Evet ilk 100’de yoklar ama bunun birinci nedeni TV 8 ve Beyaz TV’nin ratinglerde artık yer almaması… Uzun bir süre önce bu yarıştan çekildiler. Kanaltürk ise hala yarışın içinde ancak TRT yarışa girdiğinden beri(yani rating sistemine) 2. Sayfa ilk 100’den düştü!.. Çünkü yer kalmadı!!!

Ancak bu programlar magazin gündemini iyi tuttukları için hep iyi yazdım bugüne dek… Dün sadece, iş yapmayan sunucular, adı bilinmeyen playboy’lar v.s takıldıkları için küçük bir eleştiride bulunmuştum. Hepsi bu…

Ama tabi ki üçü birden rating yarışının içinde olsalar bu konular(halka gerçek anlamda uzak konular) ekrana gelmeyecektir. Biraz da bunun rahatlığı var.
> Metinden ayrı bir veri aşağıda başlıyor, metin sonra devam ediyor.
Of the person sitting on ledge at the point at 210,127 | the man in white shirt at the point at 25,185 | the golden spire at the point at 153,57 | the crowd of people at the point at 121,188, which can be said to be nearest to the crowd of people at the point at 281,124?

İşte o zaman örneğin Kıvanç Tatlıtuğ’un son filmi için oralara muhabir gönderilebilir, inanılmaz fotoğraflar çektirilebilir(gelen bir tanıtımla sınırlı kalmazlar) ya da böylesine kalite yükseldiğinde yine Ece Erken değil bu kez programa Cem Yılmaz bağlanır ve neden ayrıldıklarını çok medenice paylaşır.
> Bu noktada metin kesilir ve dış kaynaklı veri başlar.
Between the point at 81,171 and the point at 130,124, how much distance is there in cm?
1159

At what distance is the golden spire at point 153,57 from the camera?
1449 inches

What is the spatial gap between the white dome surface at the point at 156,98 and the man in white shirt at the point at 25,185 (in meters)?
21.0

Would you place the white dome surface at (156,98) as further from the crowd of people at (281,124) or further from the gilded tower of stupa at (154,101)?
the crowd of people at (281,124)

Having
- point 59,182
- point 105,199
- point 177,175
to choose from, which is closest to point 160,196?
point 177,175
Ancak şunu söyliyeyim, bu programlarda zaman zaman çok iyi konular oluyor. Bunun hakkını asla yemeyelim. Ceyda Ateş olayında Turgut Toplusoy’un canlı yayında yaptığı konuşmalar, ünlü oyuncu Halil Ergün’ün canlı yayına bağlanıp yaptığı samimi konuşma, Müge Dağıstanlı’yla Gülşen Yüksel’in ilgiyle izlenen gazeteci üslubu ve araştırmacılığı, Esin Övet’in tecrübesi, bilgisi; daha önce yazdım  Oya Aydoğan’ın ince esprileri ve çok geniş bir çevresi olması, Mert Ögün’ün aynı zamanda bu hayatın içinde olması ve Gizem Hatipoğlu’nun naifliği, Salih Keçeci ile Pelin Çini’nin artık iyi bir ikiliye dönmesi(ancak daha çok izlenmek için bir gayret içinde olmamalarına ve zamanı çok geniş kullanmalarına pek akıl edrideremiyor) bunlar hemen aklıma gelen şeyler…
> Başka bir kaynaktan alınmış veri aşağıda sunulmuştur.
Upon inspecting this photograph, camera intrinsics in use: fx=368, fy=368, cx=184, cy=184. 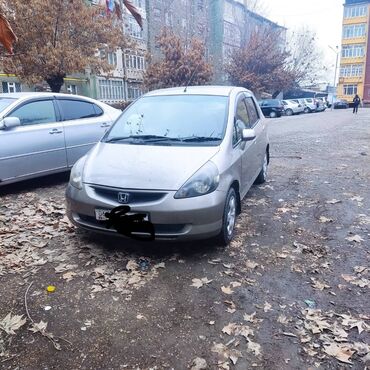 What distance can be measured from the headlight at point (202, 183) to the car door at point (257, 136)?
1704 millimetres

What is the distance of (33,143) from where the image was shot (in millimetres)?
6082

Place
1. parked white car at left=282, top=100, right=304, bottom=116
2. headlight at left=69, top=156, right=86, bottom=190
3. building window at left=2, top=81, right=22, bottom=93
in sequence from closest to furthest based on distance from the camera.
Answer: headlight at left=69, top=156, right=86, bottom=190
building window at left=2, top=81, right=22, bottom=93
parked white car at left=282, top=100, right=304, bottom=116

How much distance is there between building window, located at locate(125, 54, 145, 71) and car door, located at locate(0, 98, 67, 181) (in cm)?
3208

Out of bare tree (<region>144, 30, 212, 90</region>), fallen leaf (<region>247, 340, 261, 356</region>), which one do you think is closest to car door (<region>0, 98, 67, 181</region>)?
fallen leaf (<region>247, 340, 261, 356</region>)

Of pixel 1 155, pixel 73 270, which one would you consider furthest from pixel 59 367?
pixel 1 155

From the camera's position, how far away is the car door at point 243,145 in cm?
465

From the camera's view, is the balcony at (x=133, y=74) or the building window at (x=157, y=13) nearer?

Son olarak şu söyleyeyim, TV’ler, Türkiye’deki değişim ve dönüşümle birlikte yepyeni bir döneme girmek üzere… Bunu da yarın ilk kez bu satılarda bulacaksınız. Ve şimdiden söyliyeyim, çok şaşıracaksınız!..

Yaşım genç diye eleştiren ve mail atan kişilere de hiçbir kızgınlığım olmadığını da belirtirken, tüm çocukluğumun ve gençliğimin ailem nedeniyle kanallar ve Uçankuş içinde gördüğüm, yaşadığım olaylarla geçtiğini söylemek istiyorum.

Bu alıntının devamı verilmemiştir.